Thématiques picturales et fonctions du modèle
Plein air et scènes de groupe
Dans Le Bal du moulin de la Galette (1876) et Le Déjeuner des canotiers, les modèles — amis, habitués, hôteliers, comédiennes, compagnes — forment des constellations de figures. Renoir y éprouve la fragmentation lumineuse, les taches de soleil à travers feuillages, la circulation des regards. L’identification des visages (Aline, Gustave Caillebotte, Alphonsine et Alphonse Fournaise, Ellen Andrée, etc.) demeure en partie discutée, mais le principe est clair : la figure, multipliée, fait tenir l’espace.
Le nu comme tradition réinventée
À rebours de l’ascèse impressionniste, Renoir revient avec insistance au nu, du long séjour italien (vers 1881–1882) aux grands cycles tardifs. La carne picturale (pâte onctueuse, modelé en « porcelaine », chairs rosées) cherche une monumentalité classique, synthèse de Raphaël, Ingres et de sa propre sensualité chromatique (Les Grandes Baigneuses, 1884–1887 ; puis la floraison de baigneuses au tournant du siècle). Les modèles — souvent anonymes, parfois les mêmes que dans les scènes familières — deviennent types : épaules rondes, hanches pleines, coudes en appui.
Portraits intimistes et « petits métiers » du modèle
Dans les intérieurs, Renoir capte la respiration d’un visage : Jeanne Samary en buste, Jeune fille au ruban bleu, Gabrielle au miroir. Le modèle y est l’occasion d’études de matières (dentelles, mousselines, rubans) ; de micro‑dramaturgies (un livre, une fleur, un chien). Dans quelques toiles, le peintre montre aussi l’activité même de la pose (repos entre deux séances, modèle au peignoir), rappelant que le métier de modèle est une réalité concrète de l’atelier parisien.
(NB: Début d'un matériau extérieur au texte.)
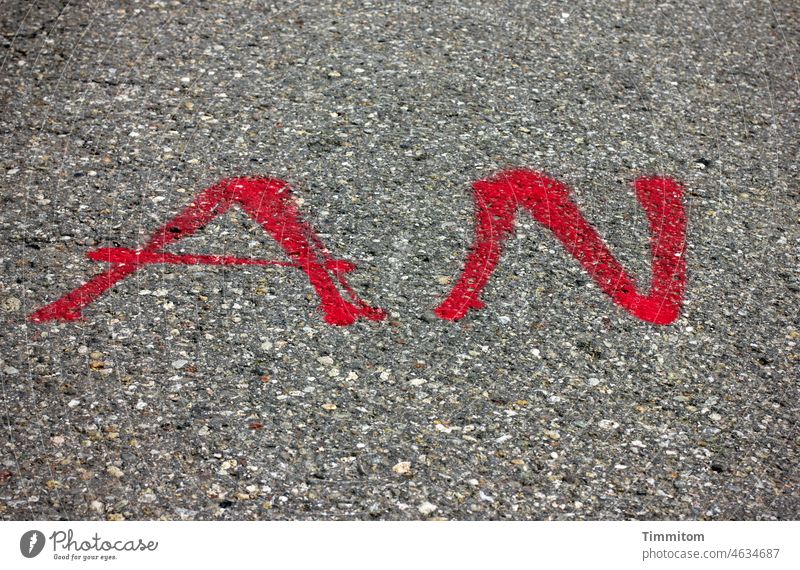 AN in red on Word Letters (alphabet) Characters Colour Red Asphalt Street Text Gray not off Deserted Clue Information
Héritage et perception des modèles de Renoir
Les modèles de Renoir ont façonné une imagerie de la féminité et de la convivialité qui marque durablement l’imaginaire collectif. Les recherches récentes ont affiné des identifications (rôle de Lise Tréhot, place de Gabrielle Renard, richesse de la présence d’Aline et des enfants), nuancé d’anciennes lectures (attribution des visages dans les grandes scènes), et interrogé la politique du regard (rapports de classe et de genre, agency des modèles). L’héritage est double : pictural — une sensualité de la touche qui irrigue le XXᵉ siècle — et social — la reconnaissance des modèles comme co‑auteurs d’un univers visuel.
Conclusion
Des bords de Seine aux salons parisiens, du jardin d’Essoyes aux baignoires imaginées, les modèles de Renoir donnent chair à la lumière. Leur diversité — amantes, épouses, enfants, amies comédiennes, professionnelles de la pose, commanditaires — explique la variété d’accents d’une œuvre où l’intime et le public communiquent constamment. Chez Renoir, peindre le monde, c’est d’abord vivre avec : installer, grâce aux modèles, une communauté d’yeux, de gestes et de couleurs où la peinture, loin d’être un enregistrement, devient une manière d’habiter les visages.